Constructed a part named 1
Constructed a part named 10
Constructed a part named 2
Constructed a part named 3
Constructed a part named 4
Constructed a part named 5
Constructed a part named 6
Constructed a part named 7
Constructed a part named 8
Constructed a part named 9
mensa::addPartition(.) increases the number partitions from 0 to 10, the number 
of rows from 0 to 59161937, and the number of columns from 0 to 9
filter::sift2S(SELECT FBchr,count(*) FROM 10 data partitions WHERE 1 == ...) -- 
processing data partition 1
countQuery::evaluate -- Select count(*) From 1 Where 1 == 1 --> 8960156
countQuery::evaluate -- duration: 4.6e-05 sec(CPU), 4.60148e-05 sec(elapsed)
filter::sift2S(SELECT FBchr,count(*) FROM 10 data partitions WHERE 1 == ...) -- 
processing data partition 10
countQuery::evaluate -- Select count(*) From 10 Where 1 == 1 --> 4332964
countQuery::evaluate -- duration: 4.4e-05 sec(CPU), 4.50611e-05 sec(elapsed)
filter::sift2S(SELECT FBchr,count(*) FROM 10 data partitions WHERE 1 == ...) -- 
processing data partition 2
countQuery::evaluate -- Select count(*) From 2 Where 1 == 1 --> 6828398
countQuery::evaluate -- duration: 4.5e-05 sec(CPU), 4.60148e-05 sec(elapsed)
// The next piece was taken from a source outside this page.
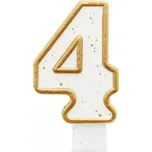 Svíčka narozeninová číslice 4 zlatá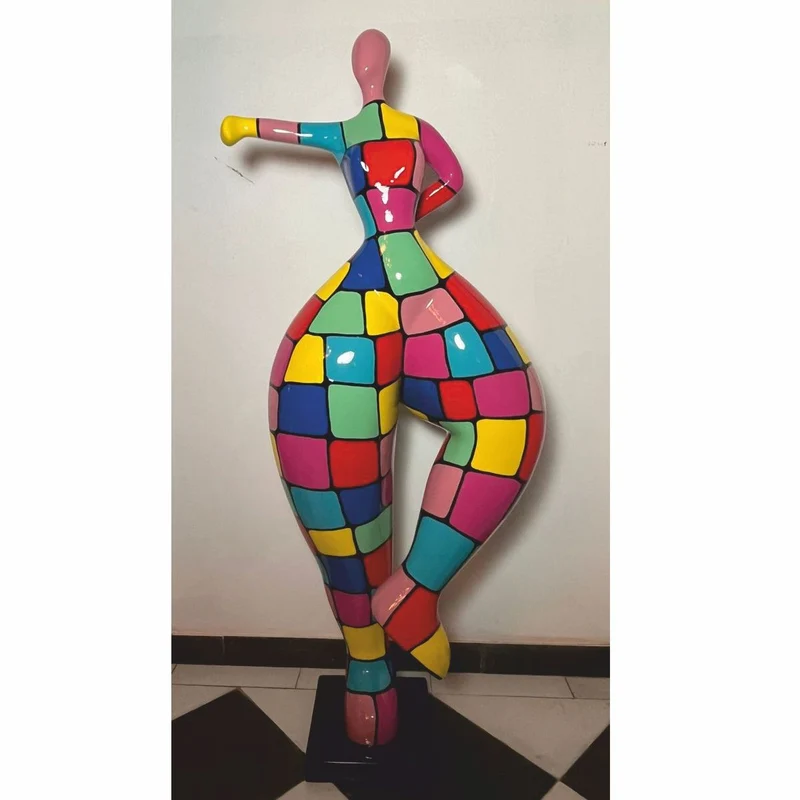 Casa Padrino Deko Skulptur Frau beim Sport Bunt H. 132 cm - Garten Figur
filter::sift2S(SELECT FBchr,count(*) FROM 10 data partitions WHERE 1 == ...) -- 
processing data partition 3
countQuery::evaluate -- Select count(*) From 3 Where 1 == 1 --> 6687301
countQuery::evaluate -- duration: 4.3e-05 sec(CPU), 4.41074e-05 sec(elapsed)
filter::sift2S(SELECT FBchr,count(*) FROM 10 data partitions WHERE 1 == ...) -- 
processing data partition 4
countQuery::evaluate -- Select count(*) From 4 Where 1 == 1 --> 7064960
countQuery::evaluate -- duration: 5.3e-05 sec(CPU), 5.38826e-05 sec(elapsed)
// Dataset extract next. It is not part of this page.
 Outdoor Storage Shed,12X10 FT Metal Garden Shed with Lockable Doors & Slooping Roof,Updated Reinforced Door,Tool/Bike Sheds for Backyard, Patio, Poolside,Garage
filter::sift2S(SELECT FBchr,count(*) FROM 10 data partitions WHERE 1 == ...) -- 
processing data partition 5
countQuery::evaluate -- Select count(*) From 5 Where 1 == 1 --> 6081271
countQuery::evaluate -- duration: 4.4e-05 sec(CPU), 4.50611e-05 sec(elapsed)
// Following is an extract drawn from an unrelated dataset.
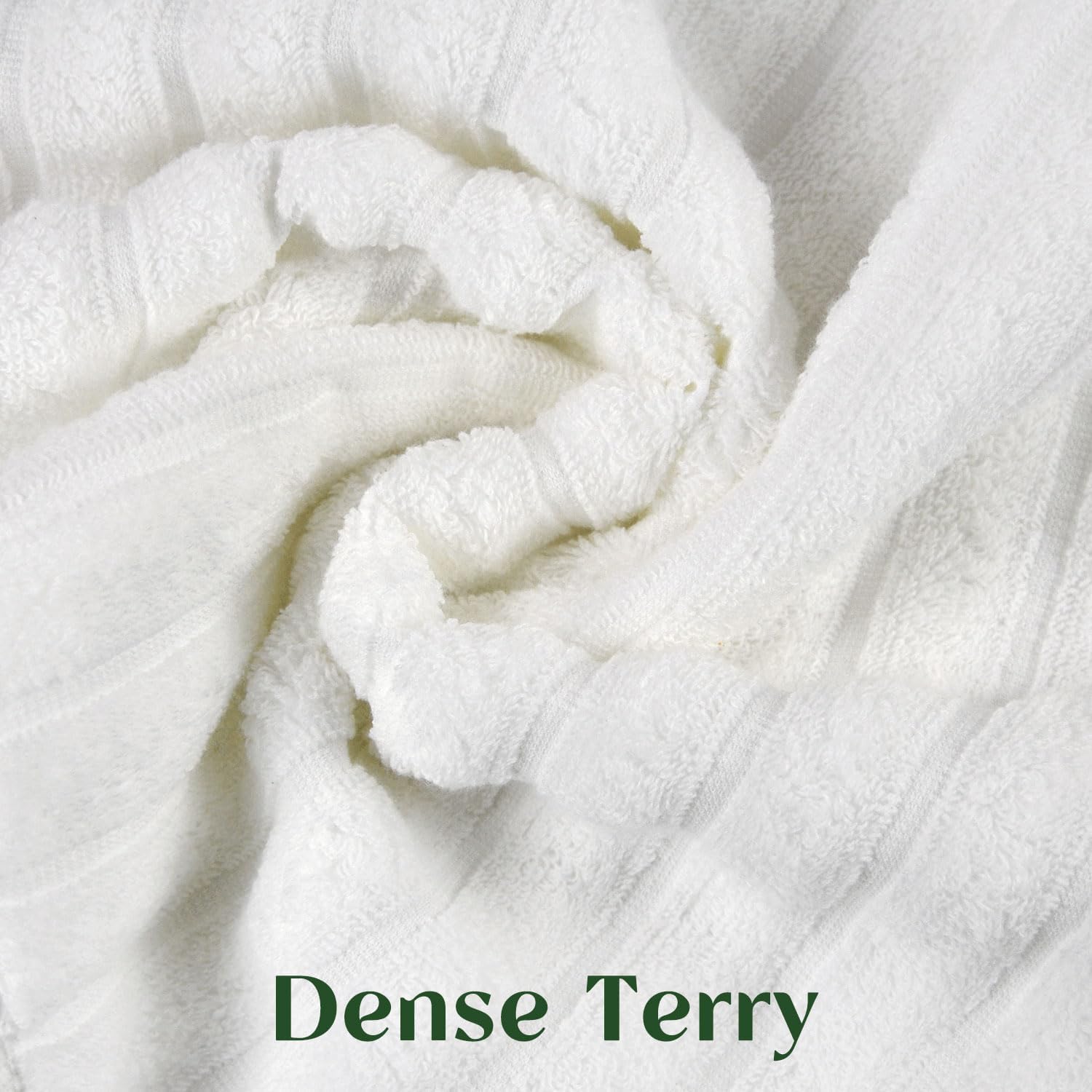 Jacquotha Luxurious 2-Pack Ribbed Striped Hand Towels (White) – Hotel & Spa Premium Cotton Face Towels 13” x 29”, Soft and Quick Drying 480 GSM - Image 3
filter::sift2S(SELECT FBchr,count(*) FROM 10 data partitions WHERE 1 == ...) -- 
processing data partition 6
countQuery::evaluate -- Select count(*) From 6 Where 1 == 1 --> 4712491
countQuery::evaluate -- duration: 4.3e-05 sec(CPU), 4.31538e-05 sec(elapsed)
filter::sift2S(SELECT FBchr,count(*) FROM 10 data partitions WHERE 1 == ...) -- 
processing data partition 7
countQuery::evaluate -- Select count(*) From 7 Where 1 == 1 --> 5030796
countQuery::evaluate -- duration: 4.5e-05 sec(CPU), 4.60148e-05 sec(elapsed)
filter::sift2S(SELECT FBchr,count(*) FROM 10 data partitions WHERE 1 == ...) -- 
processing data partition 8
countQuery::evaluate -- Select count(*) From 8 Where 1 == 1 --> 4944862
countQuery::evaluate -- duration: 4.4e-05 sec(CPU), 4.41074e-05 sec(elapsed)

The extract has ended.